I only use automotive paper, usually Meguires Uni Grit and Elite sell it by the sheet.

I prepare a bucket the night before with my sheets in and some fairy liquid, but a good half hour soak will be fine.

I just wipe the panel with last touch and then bagan to sand. Couldn't be bothered washing it.:thumb:

Here is the reading that I used. You can see the door shut is 70um and the panel is 155um. This was a common reading on most of the panels so I have 85um clear coat to play with. 

















And a 50/50. Other side not sanded yet.









And finally what it will look like after 2000,2500 and 3000 grit passes. Looks horiffic to some people. 
























This is the wing after one pass of Menz IP on a white Sonus spot pad. 5 minutes is all it took. I still need to refine the finish but that whole precess took only 20 minutes.








Rear panel. Again meter reading were taken and I had average of 96um on the back of the car. Another 50/50.








Reading before the process.








Reading after the process. You can clearly see wet sanding and the polishing stage removed 13um of clear. Leaving me with 83um for further work. Well within safety limits.








Final pic. You can clearly see that the drain pipe in the reflection is almost straight. I forgot to take a before but it was all deformed.









Not the biggest write up, but I hope this has given you a basic understanding of the wet sanding process.

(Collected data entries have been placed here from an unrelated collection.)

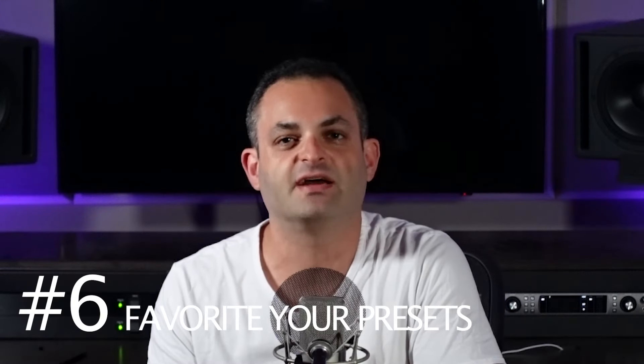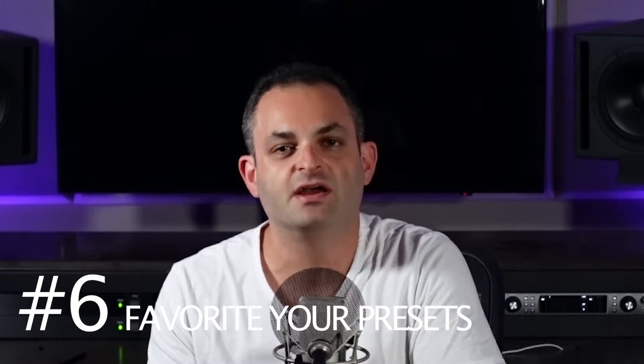Number six, favorite your presets. If you use a lot of presets, you might want to start saving those, or put a little star next to them or move them into a user folder. In Ableton, if you're an Ableton user, you can actually drop them in as a rack into the rack section and save them for future use. This way you could recall them easily and tweak them if needed. Favoriting your presets just speeds up your workflow.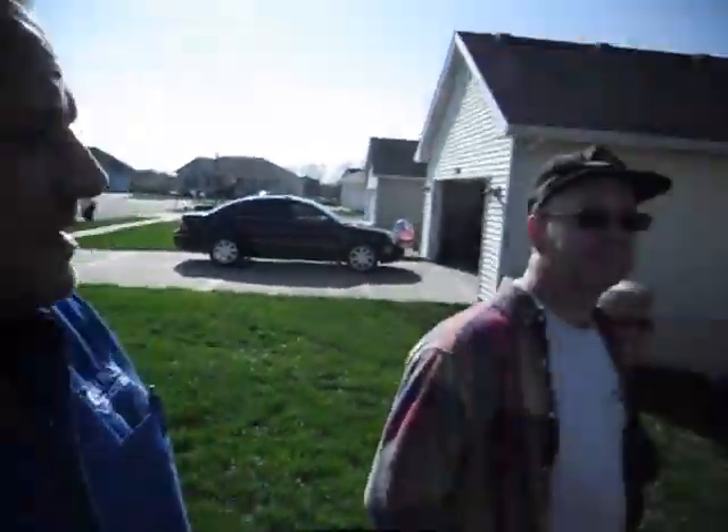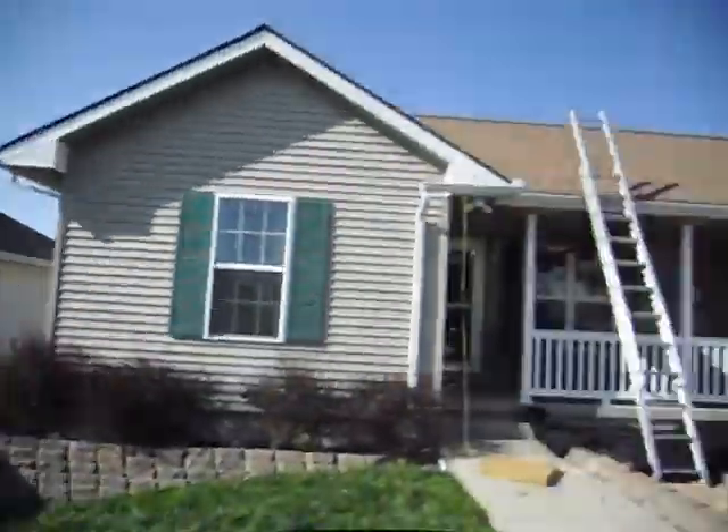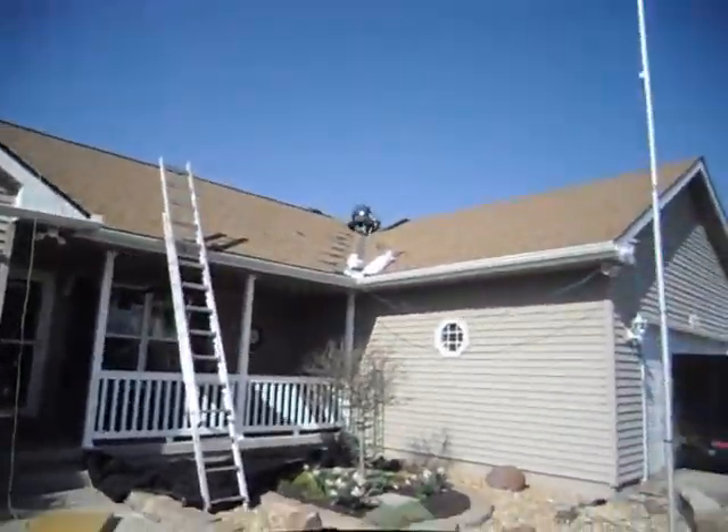Here we are, the guys are almost done. There's the homeowners — they're happy with the roof. Oh, they're hiding now. But the roof looks good.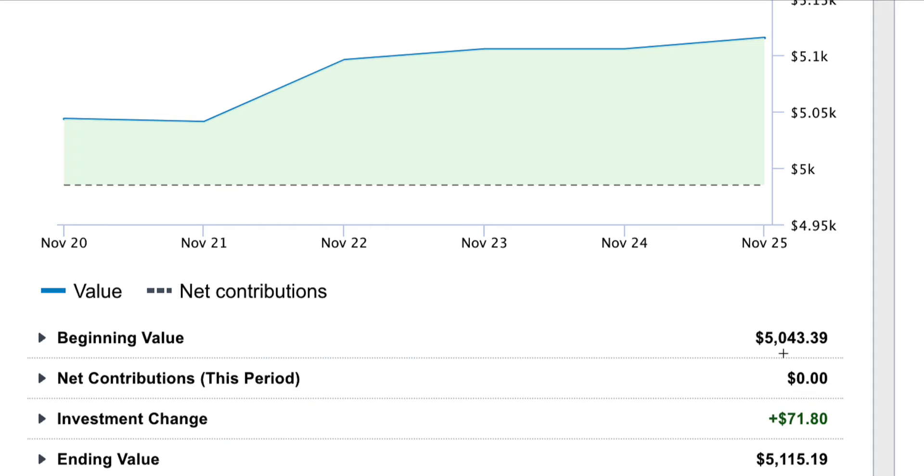Here you see the beginning value, which was $5,043.39. I didn't add any money to the account this week — I will next week, though. The investment change, so the account gained $71.80, which leaves us an ending value of $5,115.19. This is very pleasing to me because the first milestone I wanted to reach was $5,000. I opened this account in June of 2022, and by the end of November 2022 I hit $5,000 — accomplishing that goal a month ahead of schedule.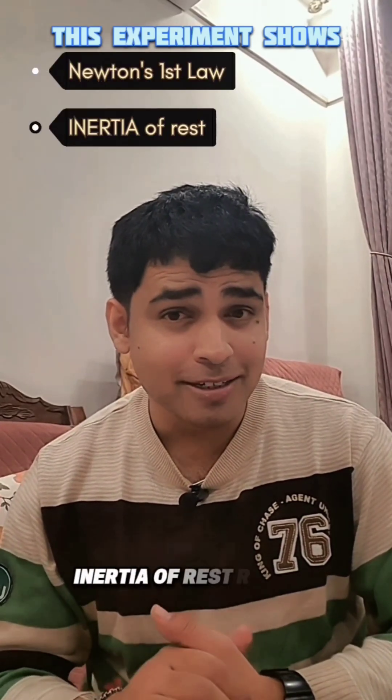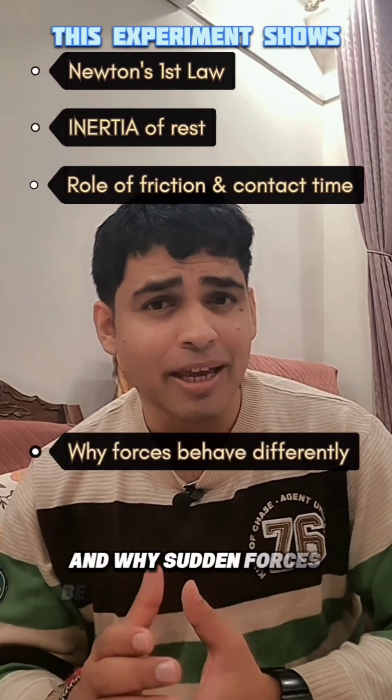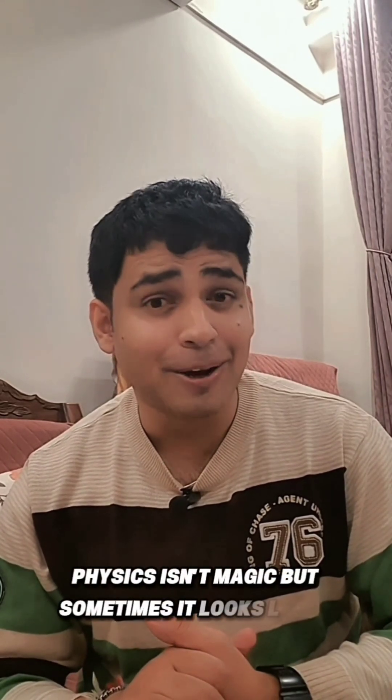It demonstrates inertia of rest, the role of friction and contact time, and why sudden forces behave differently from slow ones. Physics isn't magic — but sometimes it looks like it.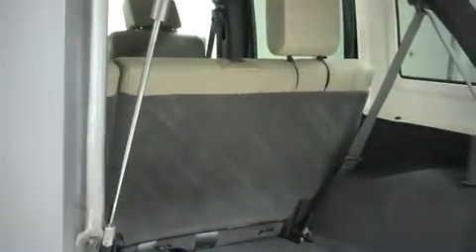Let's take a look inside. It has a lot of room for cargo, and this is a folding second row.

If you have the tools and are confident give it a go. Or try a scrap panel first.

Cheers
Steve :wave:​


----------



## ArcticVXR (Apr 10, 2007)

Great write up and very useful :thumb:


----------



## Allblackdup (Oct 17, 2006)

Excellent information - cheers for posting.


----------



## Mirror Finish Details (Aug 21, 2008)

Your welcome guys.

Wool pads will be my next one.


----------



## clcollins (Jul 30, 2007)

Thanks for this post, nice to see the finer point explained, thank you :thumb:

PS. You need to keep up with your manicures to keep your nails looking like they do in pic 6 :lol:


----------



## ChrisJD (Apr 15, 2009)

That is excellent. It does feel like a scary thing to do to a paint surface. Haven't attempted it myself, yet, but at least I know now that it can be done safely and isn't as daunting as most would think.

Chris.


----------



## Mirror Finish Details (Aug 21, 2008)

I can understand how daunting it is, but the end results are far better than tyring to machine polish clear down.


----------



## Nick_S (Dec 20, 2008)

Thanks for the write up :thumb: , I may try and attack my hood soon.


----------



## wd40 (Jun 20, 2007)

Thanks for this wee write up , i`ve always wanted to have a go and now feel confident to try it, albeit on a small panel first !!. :thumb:


----------



## Christian6984 (Dec 20, 2007)

superb expaination many thanx


----------



## Auto Finesse (Jan 10, 2007)

Sorry to pic holes here but this is not a very accurate guide at all, please guys dont go out and wet sand your car on the back of it.
as its likely to end in tears and paint.

Firstly you dont get very accurate readings from checking door shuts to panel, as door shuts etc are not hit with a flat spray on production they get blowen over (hence the finish not being as good) there is not 96Microns of Clear Coat on there, your looking at an average of 30-50 max CC on most vehicles. 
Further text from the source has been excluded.